**Exercise directions**
With the pictures left out, write out exactly the lines of the listing below that run from the line with "NEW laptop lcd" through the line with "Ссудный кассовый знак 3 рубля 1916".

**Raw data**
Content starts

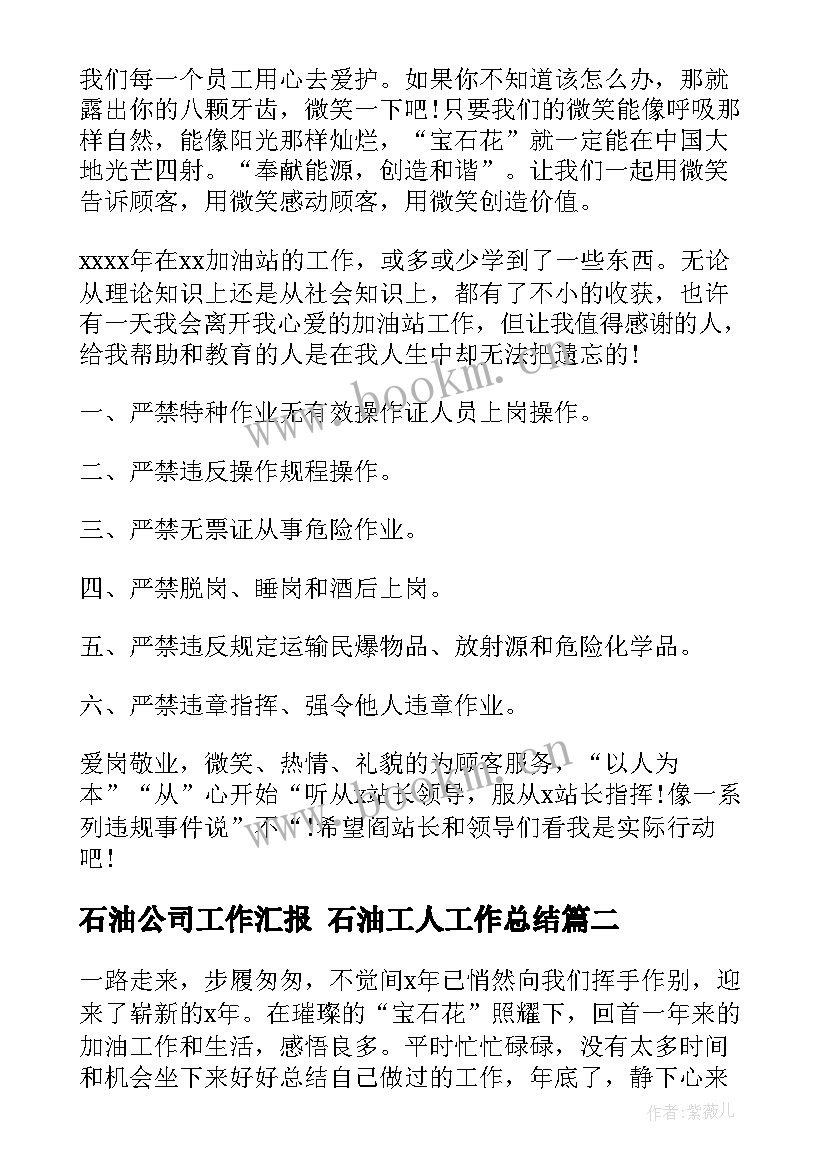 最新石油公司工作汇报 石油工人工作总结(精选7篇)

Content ends
Content starts

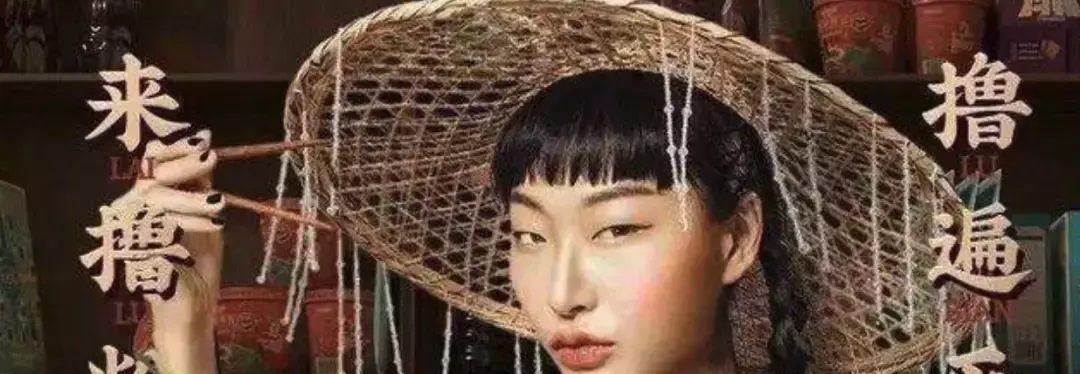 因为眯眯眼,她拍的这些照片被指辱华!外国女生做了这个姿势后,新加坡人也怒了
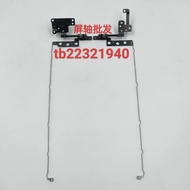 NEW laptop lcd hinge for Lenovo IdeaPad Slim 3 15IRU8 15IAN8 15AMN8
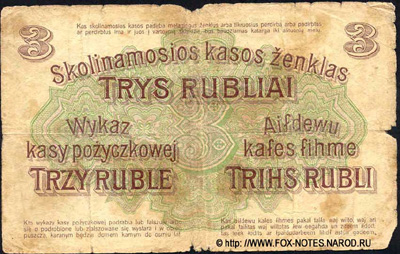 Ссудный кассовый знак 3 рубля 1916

Content ends

**Expected answer**
 NEW laptop lcd hinge for Lenovo IdeaPad Slim 3 15IRU8 15IAN8 15AMN8
 Ссудный кассовый знак 3 рубля 1916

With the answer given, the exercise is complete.